Eating the milkman’s horse and other Thanksgiving tales

It’s Thanksgiving weekend. This holiday, more than any other, makes me think of and miss my mom. She was born in 1930 in Germany. The deprivations and horrors of Hitler’s regime and the Second World War filled her childhood and teenage years. For good and for ill, those experiences shaped my mother.

Although we were a poor family, my mother always managed to put on a lavish Thanksgiving dinner. Every inch of the table would be covered with dish after delicious dish of turkey, stuffing, vegetables, potatoes, sauces and gravies followed by at least three desserts.

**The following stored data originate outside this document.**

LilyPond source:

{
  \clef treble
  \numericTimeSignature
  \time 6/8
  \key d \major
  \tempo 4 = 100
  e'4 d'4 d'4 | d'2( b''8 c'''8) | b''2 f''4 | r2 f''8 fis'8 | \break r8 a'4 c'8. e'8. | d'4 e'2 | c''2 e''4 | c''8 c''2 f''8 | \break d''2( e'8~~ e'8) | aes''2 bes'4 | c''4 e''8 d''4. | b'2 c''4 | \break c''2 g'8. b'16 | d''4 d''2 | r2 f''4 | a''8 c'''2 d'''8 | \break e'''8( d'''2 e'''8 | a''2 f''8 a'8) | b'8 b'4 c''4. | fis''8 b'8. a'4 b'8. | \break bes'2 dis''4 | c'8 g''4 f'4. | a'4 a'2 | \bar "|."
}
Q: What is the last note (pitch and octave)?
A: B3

My mother would sit beaming at the head of the table and survey everything that was on offer. And then she would say, “We have so much to be thankful for. During the war, we never had enough to eat. I remember serving my father horsemeat once. He didn’t ask where I had gotten the meat and I didn’t tell him. The milkman’s horse had died and I was there to get some.”

At that point in her story, she’d stop and stare off into the distance, remembering the serendipitous moment when she got a portion of a dead horse. And then she would resume, “Now look at all that we have. We have enough food. We have a roof over our heads. We are safe in our beds at night. We are so lucky.”

And we are.thankful.png

Here’s a list of some of the very simple things in life I’m thankful for. Perhaps some of these will resonate with you or spur you to consider your own list of gratitudes.

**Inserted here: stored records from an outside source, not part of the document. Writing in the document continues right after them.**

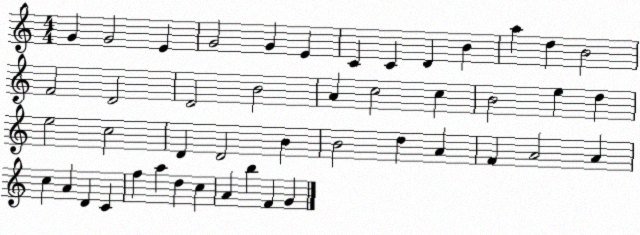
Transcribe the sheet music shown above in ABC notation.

X:1
T:Untitled
M:4/4
L:1/4
K:C
G G2 E G2 G E C C D B a d B2 F2 D2 D2 B2 A c2 c B2 e d e2 c2 D D2 B B2 d A F A2 A c A D C f a d c A b F G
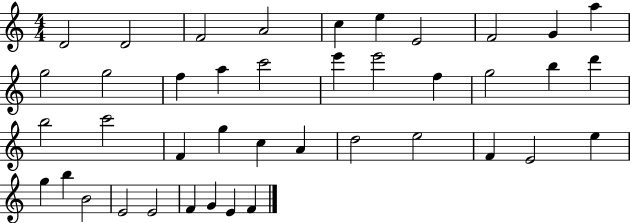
X:1
T:Untitled
M:4/4
L:1/4
K:C
D2 D2 F2 A2 c e E2 F2 G a g2 g2 f a c'2 e' e'2 f g2 b d' b2 c'2 F g c A d2 e2 F E2 e g b B2 E2 E2 F G E F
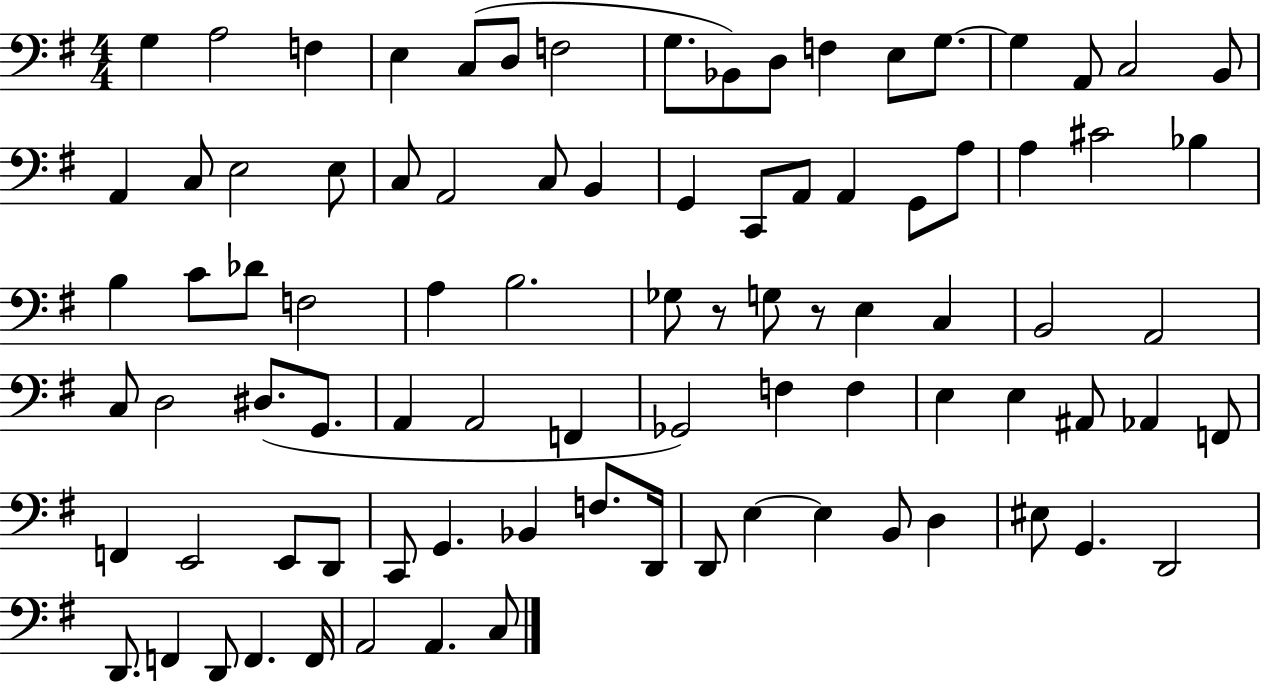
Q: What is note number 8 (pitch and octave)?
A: G3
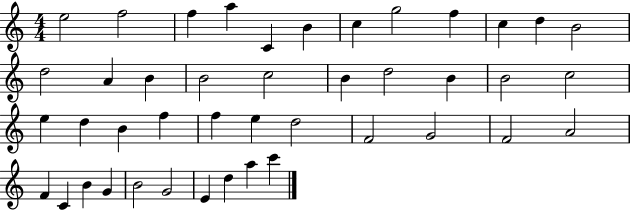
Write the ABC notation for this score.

X:1
T:Untitled
M:4/4
L:1/4
K:C
e2 f2 f a C B c g2 f c d B2 d2 A B B2 c2 B d2 B B2 c2 e d B f f e d2 F2 G2 F2 A2 F C B G B2 G2 E d a c'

  • A shower after a hot, dirty, sweaty day
  • Bright winter days so cold the snow squeaks
  • Travelling – all the new places, faces, smells, sights, foods and sounds that challenge, delight, intrigue and excite
  • Those first green shoots in the garden. After months of Canadian winter, they are a thrill and a promise.
  • Ringing church bells
  • Reading poetry. Here’s my favourite poem.
  • The smell of tomato plants in the sun
  • Philosophical debates
  • Ghost stories
  • Pine trees – the way they smell, their wooden, fractal-inspired cones and their deep moan on windy nights
  • Songs from the ’80s. I was a teenager then and no music is more evocative for me.
  • The first cup of coffee in the morning.
  • Skeletons and skulls… they’re always grinning!
  • Really good shoes – especially red ones.
  • No alarm clocks. I love a morning where I don’t have to be up by a certain time even if I rarely sleep in.
  • Nuzzling the warm little nape of a baby’s neck and smelling that baby smell.
  • Kindness – more and more this is the trait I respect and admire and want to emulate.
  • The full moon
  • A big cozy chair, a drink, a great book, likely a kitty snuggled in my lap and time to read.
  • Thunderstorms
  • Cooking and baking – it’s like magical alchemy right in my kitchen
  • Fancy soaps, especially handmade soaps
  • Animals. They amaze me with their sheer variety, beauty, Zenlike purpose, abilities and authenticity.
  • Champagne cocktails
  • Dawn – still and stirring, promising a fresh start
  • Frogs singing on a hot summer night
  • Getting into a freshly made bed – the sheets crisp and clean. Ahhhh!

So how about you? What are you thankful for?

2 thoughts on “Eating the milkman’s horse and other Thanksgiving tales

  1. Loved reading your post. It certainly puts things into perspective when at the end of the day while the day may have been a stinker of a day, it doesn’t compare to Europe during the second World War.

    The things that I am thankful for are:
    – a home though small it has everyone I love near and dear to me in my home.
    – a full fridge
    – cuddles from my girls
    – bonfires
    – a hot cup of tea
    – snowy days where you don’t have to go anywhere but you can enjoy Mother Nature while inside a warm cozy house
    – family dinners
    – pedicures
    – smell of bread baking
    – crisp fall nature walk

    Happy Thanksgiving!

  2. Thanks, Colleen! I read your list to my friend as we were driving to a Thanksgiving fundraiser. We agreed that we love your list and agree with everyone one of your items. I hope you have a wonderful Thanksgiving and your heart stays grateful.